May 1st, 2009 · 1 Comment · Personal

Greetings, fellow meteor watchers! There seemed to be a nice reaction to my last post on meteor watching, where I spent about an hour or so under the black, moonless sky catching the Lyrids and other objects streaking across the night sky. Well today was the start of  yet another meteor shower, the Eta Aquarids. This shower is going to be a tricky one for us in the US to catch however, as the constellation Aquarius rises low in the East just hours before the sun. Even worse, it seems there will be a nearly full moon taking up a portion of the sky to the South, and that glare will affect meteor watching.

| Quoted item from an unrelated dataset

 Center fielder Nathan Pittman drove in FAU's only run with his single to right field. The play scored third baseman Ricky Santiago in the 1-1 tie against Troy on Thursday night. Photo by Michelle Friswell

Still – nothing against trying, right?? If you happen to live in an area that is not heavily-polluted by lights, and can find a high enough perch to see over any trees or buildings that would block the Eastern horizon, you just might have a shot right now, as the shower begins. However like all meteor showers, there is a peak period in which the largest amount of meteors per hour can be seen. The peak for the Eta Aquarids is May 5/6. This would be the best chance for anyone living near heavy urban areas to get outside and look for some meteors.

I plan to perch out on my roof once again during peak period to see what I can see, although I’m not expecting a whole lot. But hey, sitting our under the stars is very relaxing. Before I head out I’ll also post some meteor gazing tips I’ve acquired over the years to help you out if you’ve never watched a meteor shower before.

If you need help finding out just where in the sky and when you should bother looking for Aquarius and the shower’s radiant, check out this post I made a few months ago detailing how to set up the free open-source stargazing program Stellarium. That way you can check sky conditions well before hand.